As a matter of fact, I was reading the book thinking to myself that I missed the boat writing this bestseller. Marley reminded me of Moses, and Moses of Marley. Marley would take every dog on "as a good time;" we had Moses neutered nine months ahead of schedule for that very reason. Marley's owners reached down his throat in attempts to retrieve beloved objects; I not only reached down Moses throat, but also had to pull undigested objects from his bum as well. Gross, you say? Well, when your dog is hunched over trying to both walk and poo while looking at you with the most helpless face, something has to be done. And I can pretty much guarantee that your husband and teenage son will be nowhere to be found at that very moment.

While Moses was not destro-dog inside, he did manage to pull up and/or eat every flower I planted in the back yard. I anticipate the spring bulbs popping out of the cold Michigan ground each spring. Last year was no different. I would patrol the yard each day (on a dual poop-flower mission), waiting for the afternoon I would find the crocus bloomed...or the tulip...daffodil. However, our yard seemed the site of a new phenomenon whereby the very day a flower was going to bloom, it jumped ship from its stem - some times landing nearby, sometimes disappearing altogether. When I figured out what was going on, I looked at Moses, and he looked back at me with his cocked head, "Whaaaaat?" It would take all three of us to corner him, with a little help from our mature chocolate lab, Penny. Then we would find the bulb-of-the-day stuffed into his cheek like snuff.

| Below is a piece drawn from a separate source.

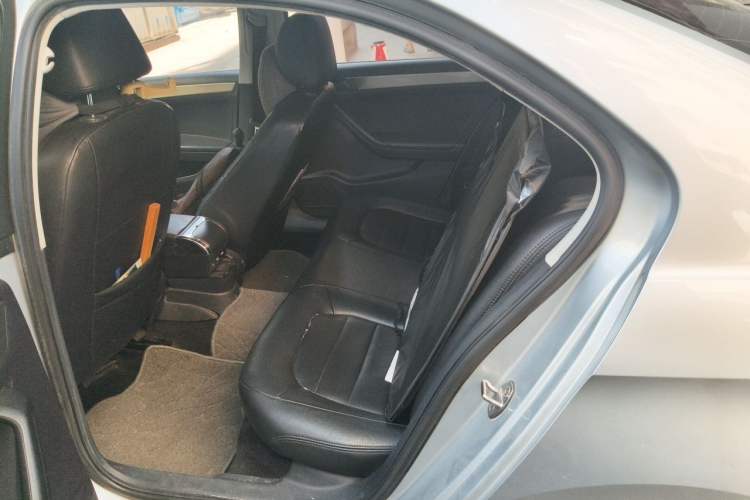 Used Volkswagen Jetta 2015 Value Edition 1.6L Manual Fashionable Style Left Rear Seat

While some may shake their head in disbelief at Marley's antics, I nodded in sympathy. Been there, done that. My saving grace was Moses returning to Leader Dogs for the Blind for formal training...and with hope that the professionals can weed out a few of those issues! While I didn't finish the book, I can only imagine that Marley's owners - like us obsessive dog owners everywhere - would do it again, in a heartbeat.

Thursday, February 23, 2006

Not-My-Puppy Love

I've received two great pieces of advice from other writers. The first was, write, write, write. The second was "you are obsessed for a reason, so write about it." Thus I became free to write, write, write about my obsession - dogs. This piece is about Moses, a puppy we raised last year for Leader Dogs for the Blind. Yes, giving him back was hard.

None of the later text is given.